Neural networks are inspired by brains. They have facilitated our understanding of human intelligent phenomena such as dreams, and have captured a lot of elegant features of human cognition. For example, human visual cognition is a hierarchical structure, where lower levels recognize features of pixels such as brightness and darkness to form higher levels of features such as edges and objects, and finally reaching the semantic level—human faces and cats. Neural networks can simulate this hierarchical structure, extracting features from lower layers and outputting abstract, semantic information (see Figure 5) in the higher layer.[36]

Figure 5: ANN extracts features in hierarchical structures (credit: Andrew Ng)
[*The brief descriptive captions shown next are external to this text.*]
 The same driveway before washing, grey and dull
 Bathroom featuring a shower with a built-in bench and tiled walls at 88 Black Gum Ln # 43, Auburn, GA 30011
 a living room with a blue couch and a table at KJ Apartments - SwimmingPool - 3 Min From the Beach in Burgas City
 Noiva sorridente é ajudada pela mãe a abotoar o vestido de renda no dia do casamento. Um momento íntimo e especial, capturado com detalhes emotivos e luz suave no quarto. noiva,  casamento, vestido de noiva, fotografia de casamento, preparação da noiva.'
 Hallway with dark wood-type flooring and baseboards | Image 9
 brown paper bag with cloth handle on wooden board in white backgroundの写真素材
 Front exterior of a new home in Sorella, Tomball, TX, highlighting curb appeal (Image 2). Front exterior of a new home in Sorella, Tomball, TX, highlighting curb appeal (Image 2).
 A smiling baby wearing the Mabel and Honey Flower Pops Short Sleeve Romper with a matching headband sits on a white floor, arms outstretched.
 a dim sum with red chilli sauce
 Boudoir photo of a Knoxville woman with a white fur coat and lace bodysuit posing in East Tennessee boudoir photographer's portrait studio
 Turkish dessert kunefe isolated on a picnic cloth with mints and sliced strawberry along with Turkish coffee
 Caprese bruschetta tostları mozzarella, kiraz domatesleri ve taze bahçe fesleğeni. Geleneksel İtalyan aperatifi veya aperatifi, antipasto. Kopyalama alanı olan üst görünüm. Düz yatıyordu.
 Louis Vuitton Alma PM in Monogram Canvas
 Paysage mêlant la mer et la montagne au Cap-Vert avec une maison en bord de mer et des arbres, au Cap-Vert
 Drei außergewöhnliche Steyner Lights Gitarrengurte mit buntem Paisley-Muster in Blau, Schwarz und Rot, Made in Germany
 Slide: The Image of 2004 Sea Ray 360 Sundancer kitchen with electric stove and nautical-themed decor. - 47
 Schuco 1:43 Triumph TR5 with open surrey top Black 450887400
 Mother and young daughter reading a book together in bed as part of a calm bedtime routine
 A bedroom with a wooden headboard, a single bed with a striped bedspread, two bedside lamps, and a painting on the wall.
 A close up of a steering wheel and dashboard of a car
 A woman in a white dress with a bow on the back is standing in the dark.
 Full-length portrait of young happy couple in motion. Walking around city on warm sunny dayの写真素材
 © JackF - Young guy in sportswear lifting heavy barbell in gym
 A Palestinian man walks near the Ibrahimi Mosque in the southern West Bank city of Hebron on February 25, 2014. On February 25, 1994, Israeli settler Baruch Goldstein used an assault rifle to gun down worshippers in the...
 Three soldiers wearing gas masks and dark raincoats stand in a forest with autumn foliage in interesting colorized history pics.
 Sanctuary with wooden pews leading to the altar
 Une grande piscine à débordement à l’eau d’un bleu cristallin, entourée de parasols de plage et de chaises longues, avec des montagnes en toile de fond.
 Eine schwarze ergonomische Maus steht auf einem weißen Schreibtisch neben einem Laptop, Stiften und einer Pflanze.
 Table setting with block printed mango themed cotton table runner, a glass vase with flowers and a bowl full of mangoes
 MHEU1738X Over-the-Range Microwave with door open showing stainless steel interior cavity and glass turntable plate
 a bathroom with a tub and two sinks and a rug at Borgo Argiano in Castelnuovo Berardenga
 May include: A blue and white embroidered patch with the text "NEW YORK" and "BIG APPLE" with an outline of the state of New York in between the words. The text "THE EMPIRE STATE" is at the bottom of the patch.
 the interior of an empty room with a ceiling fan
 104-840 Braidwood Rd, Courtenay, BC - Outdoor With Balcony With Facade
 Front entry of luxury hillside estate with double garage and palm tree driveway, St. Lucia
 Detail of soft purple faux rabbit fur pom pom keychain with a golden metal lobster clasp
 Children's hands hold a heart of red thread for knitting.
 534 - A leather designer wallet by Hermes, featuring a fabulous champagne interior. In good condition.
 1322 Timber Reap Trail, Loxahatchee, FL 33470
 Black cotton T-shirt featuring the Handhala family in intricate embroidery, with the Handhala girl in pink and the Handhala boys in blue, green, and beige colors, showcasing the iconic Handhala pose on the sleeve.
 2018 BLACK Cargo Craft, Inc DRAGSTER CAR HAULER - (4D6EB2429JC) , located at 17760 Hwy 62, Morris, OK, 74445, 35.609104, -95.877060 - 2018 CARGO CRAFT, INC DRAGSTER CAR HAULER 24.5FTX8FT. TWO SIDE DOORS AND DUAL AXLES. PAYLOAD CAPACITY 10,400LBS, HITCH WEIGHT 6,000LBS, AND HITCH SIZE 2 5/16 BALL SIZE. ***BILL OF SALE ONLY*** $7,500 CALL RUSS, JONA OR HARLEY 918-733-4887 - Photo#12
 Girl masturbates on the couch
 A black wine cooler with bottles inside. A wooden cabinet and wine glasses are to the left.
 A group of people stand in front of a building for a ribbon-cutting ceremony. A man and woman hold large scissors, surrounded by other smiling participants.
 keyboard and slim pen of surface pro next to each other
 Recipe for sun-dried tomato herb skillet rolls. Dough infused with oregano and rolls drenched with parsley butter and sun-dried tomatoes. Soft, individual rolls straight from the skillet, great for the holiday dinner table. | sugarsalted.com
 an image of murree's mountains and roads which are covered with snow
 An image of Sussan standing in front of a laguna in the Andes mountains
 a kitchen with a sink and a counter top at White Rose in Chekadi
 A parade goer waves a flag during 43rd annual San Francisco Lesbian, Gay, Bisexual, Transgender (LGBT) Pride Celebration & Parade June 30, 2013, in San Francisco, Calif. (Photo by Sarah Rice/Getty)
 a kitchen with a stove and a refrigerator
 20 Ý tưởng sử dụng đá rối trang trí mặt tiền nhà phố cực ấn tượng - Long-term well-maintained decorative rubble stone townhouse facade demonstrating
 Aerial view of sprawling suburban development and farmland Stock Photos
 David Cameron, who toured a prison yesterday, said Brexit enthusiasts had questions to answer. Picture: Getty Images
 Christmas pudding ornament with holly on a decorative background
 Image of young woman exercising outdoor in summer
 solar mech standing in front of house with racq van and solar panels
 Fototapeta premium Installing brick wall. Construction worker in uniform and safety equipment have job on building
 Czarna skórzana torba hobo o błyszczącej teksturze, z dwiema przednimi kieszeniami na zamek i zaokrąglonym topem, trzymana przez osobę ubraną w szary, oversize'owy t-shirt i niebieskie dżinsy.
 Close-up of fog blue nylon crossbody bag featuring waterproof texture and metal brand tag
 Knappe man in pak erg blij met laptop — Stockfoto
However, this capturing of the human mind of neural networks is criticized to be oversimplified and crude, being incompetent to account for human cognition. Indeed, it abstracts away many important features of the brain, such as neurotransmitter and hormone. Moreover, neurons in brains are not homogenous. For instance, a giant neuron that was found wrapped around entire mouse brain in early 2017 may shed light on how consciousness arises in brains.[37] These missing details may matter significantly in mind. Also, many features in neural networks, such as back-propagation, do not necessarily exist in brains. Gary Marcus has done some experiments on infants mastering artificial grammars and found the hierarchical feature detectors mentioned above can’t explain inferences to new cases in language. Although the models are deep and sophisticated, its unstructuredness limits the insights it can offer to high-level cognition.42 Therefore, as Pinker and Prince put it, neural networks perform poorly in high-level, rule-based processing, such as language and inference.32

Another criticism of connectionist models is their requirement for a huge number of training data to capture simple concepts that humans can grasp with very few or even single examples. Being short of innate, symbolic structures, connectionist models rely heavily on the underlying statistical distribution of training data. They also need massive computing power and storage space. For example, one Google research in 2013 trained a neural network to recognize faces. The model had 1 billion connections and was trained on a data set containing 10 million images with 1,000 machines (16,000 cores) for three days.[38] AlphaGo was trained on 30 million different games, more than any human can play in one lifetime. Moreover, connectionist models are only good at very specific tasks. Their training outcomes are often uncertain, resulting in problems like overfitting. As Ali Rahimi ironically put it at NIPS 2017 conference, “machine learning has become alchemy,”[39] echoing with Herbert Dreyfus’s 1965 report Alchemy and Artificial Intelligence.

  1. The Debate

AI was born symbolic. In the 1960s and 1970s, the pendulum swung to knowledge representation and cognitive intelligence. At that time, the importance of symbol manipulation might be overemphasized. In the two decades after that, it swung toward dynamics and embodiment. Now, AI seems increasingly far away from symbolic concepts.[40]

  • Which one accounts for human cognition?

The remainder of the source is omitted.